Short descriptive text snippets
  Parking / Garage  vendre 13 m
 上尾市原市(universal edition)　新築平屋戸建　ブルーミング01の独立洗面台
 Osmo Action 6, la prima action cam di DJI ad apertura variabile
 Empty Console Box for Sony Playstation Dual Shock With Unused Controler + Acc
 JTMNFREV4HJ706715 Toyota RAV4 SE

* * *

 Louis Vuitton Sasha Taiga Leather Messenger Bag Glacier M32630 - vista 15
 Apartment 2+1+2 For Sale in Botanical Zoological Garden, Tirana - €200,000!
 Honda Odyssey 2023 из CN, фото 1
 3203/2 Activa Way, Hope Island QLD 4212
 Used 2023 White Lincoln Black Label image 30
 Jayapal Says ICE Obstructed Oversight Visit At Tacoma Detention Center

__EXERCISE AIM__: Please give again the lines above between the line holding "Apartment 2+1+2 For" and the line holding "Jayapal Says ICE", inclusive, exactly as they are and with nothing added.

__TASK RESULT__:
 Apartment 2+1+2 For Sale in Botanical Zoological Garden, Tirana - €200,000!
 Honda Odyssey 2023 из CN, фото 1
 3203/2 Activa Way, Hope Island QLD 4212
 Used 2023 White Lincoln Black Label image 30
 Jayapal Says ICE Obstructed Oversight Visit At Tacoma Detention Center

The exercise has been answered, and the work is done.